Masalah 10: Jika kita mengamalkan fatwa seorang mujtahid berkenaan
dengan suatu masalah dan setelah ia meninggal dunia, sesuai dengan tugas yang
kita miliki, kita mengamalkan fatwa mujtahid yang masih hidup berkenaan dengan
masalah yang sama, maka—untuk kedua kalinya—kita kita tidak boleh mengamalkan
masalah tersebut sesuai dengan fatwa mujtahid yang sudah meninggal dunia itu.
Masalah 11: Kita wajib mempelajari masalah-masalah yang—pada
umumnya—kita membutuhkannya.
Masalah 12: Jika kita menghadapi sebuah masalah yang kita tidak
mengetahui hukumnya, maka kita harus ber-ihtiyath atau bertaklid sesuai dengan
syarat-syarat yang telah dijelaskan. Akan tetapi, jika kita tidak mendapatkan
fatwa mujtahid yang a'lam berkenaan dengan masalah
tersebut—meskipun secara global kita tahu bahwa mujtahid non-a'lam memiliki fatwa yang berbeda dengan
fatwa mujtahida'lam dalam
masalah ini, maka diperbolehkan kita bertaklid kepada mujtahid non-a'lam.
Hanya saja, tetap kita harus memperhatikan urutan mujtahid yang a'lam setelah itu.
Masalah 13: Jika kita menginformasikan fatwa seorang mujtahid kepada
seseorang dan fatwa mujtahid tersebut berubah, maka kita tidak wajib
memberitahukan kepadanya bahwa fatwanya telah berubah. Akan tetapi, jika kita
tahu—setelah menginformasikan fatwa—bahwa kita telah keliru dalam
menginformasikannya dan informasi kita itu dapat menyebabkan ia beramal tidak
sesuai dengan kewajiban syar'i-nya,
maka berdasarkan ihtiyath
wajib kita harus membenarkan
kekeliruan tersebut, apabila memungkinkan.

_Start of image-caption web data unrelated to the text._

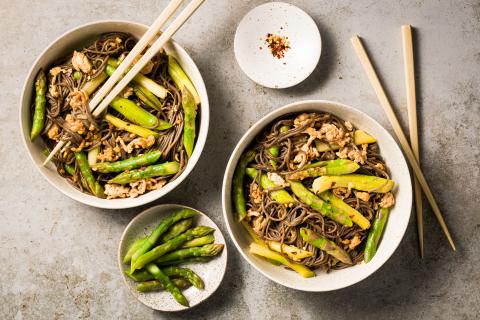 Noodles with asparagus and chicken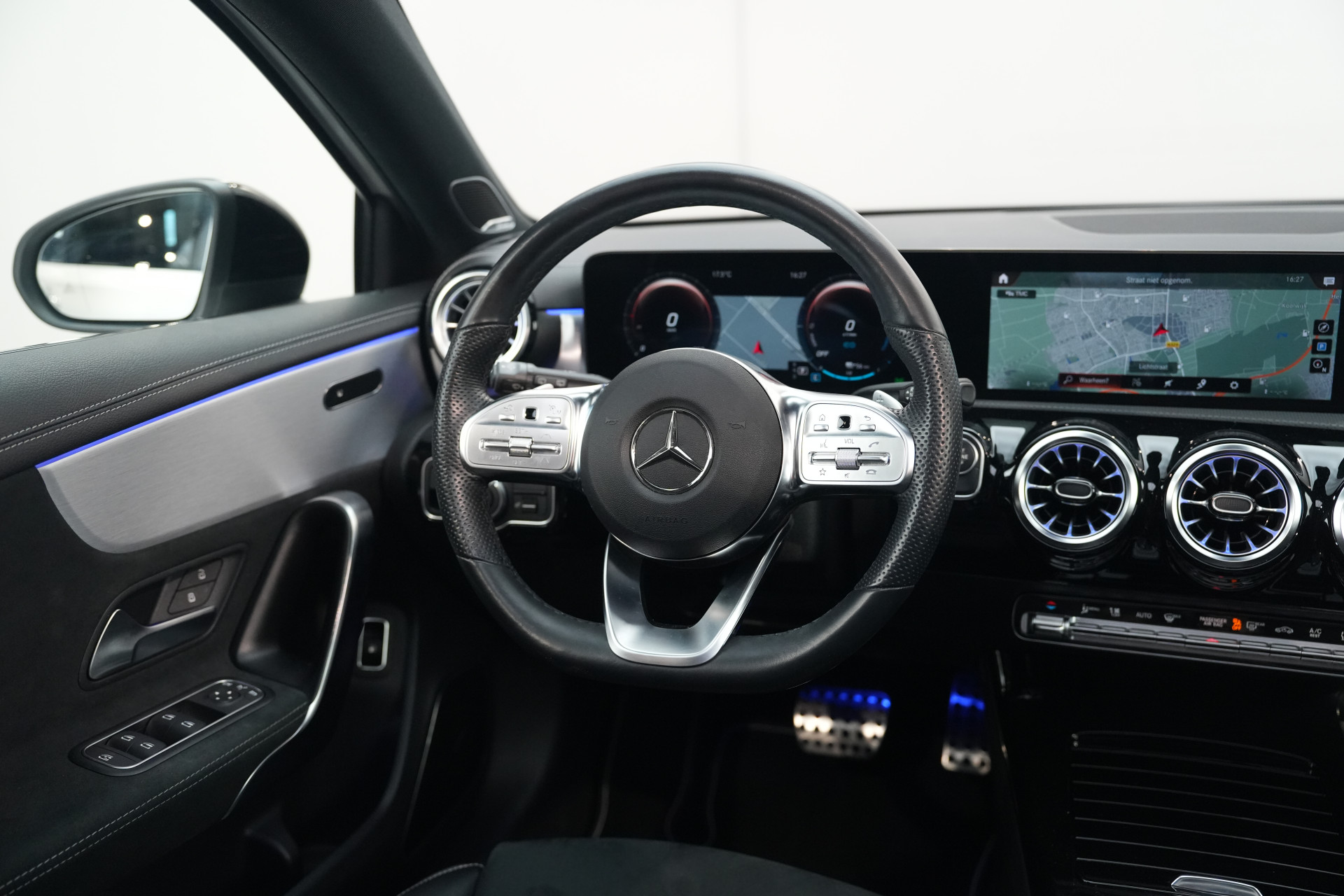 Mercedes-Benz A-Klasse 250 e AMG 48841231-17.jpg | Autocenter Oss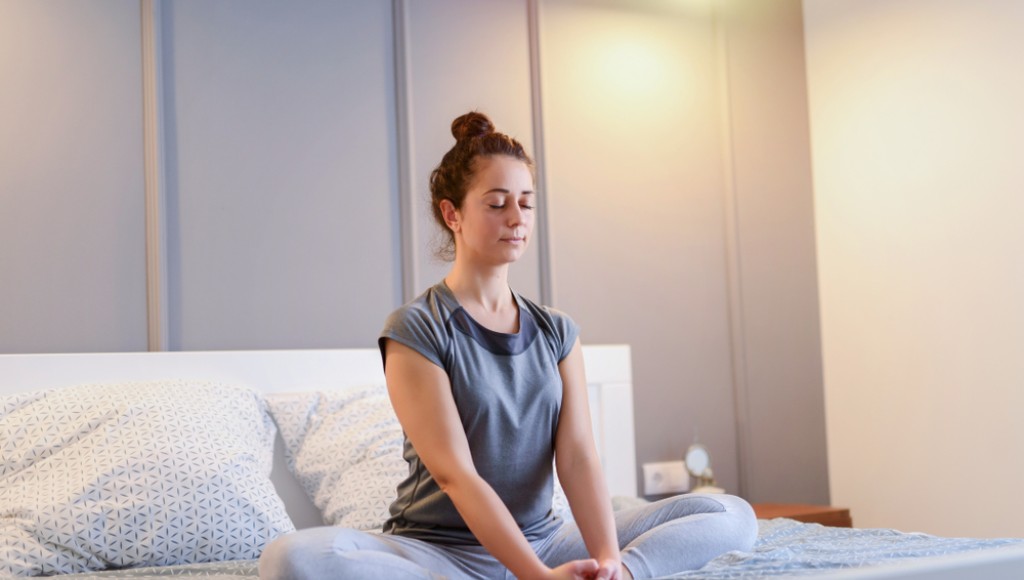 Comment la méditation peut améliorer la qualité de votre sommeil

Masalah 14: Jika seorang mukallaf mengerjakan amalan-amalannya tanpa
bertaklid selama beberapa waktu, lalu ia bertaklid kepada seorang mujtahid,
dalam hal ini apabila mujtahid tersebut menghukumi bahwa seluruh amalannya itu
adalah sah, maka seluruh amalan tersebut adalah sah. Apabila mujtahid itu tidak
menghukumi demikian, akan tetapi mukallaf tersebut tidak tahu hukum lantaran ia
adalah jahil qashir dan kebatalan seluruh amalan tersebut
tidak disebabkan oleh masalah-masalah rukun dan semisalnya, maka seluruh
amalannya adalah sah. Begitu juga sah seluruh amalannya, meskipun ia tidak tahu
hukum lantaran ia adalah jahil
muqashshir, akan tetapi kebatalan amalannya itu disebabkan oleh suatu hal
yang seandainya tidak dilakukan lantaran ia tidak tahu, maka amalan tersebut
masih dihukumi sah, seperti masalah membaca bacaan shalat dengan suara keras
pada kondisi yang semestinya harus dibaca pelan, atau sebaliknya. Begitu juga
sah amalannya jika ia tidak mengetahui bagaimana tata cara ia telah mengerjakan
seluruh amalannya yang lalu itu, kecuali dalam beberapa kondisi yang telah
dipaparkan dalam buku risalah amaliah praktis Al-Minhaj.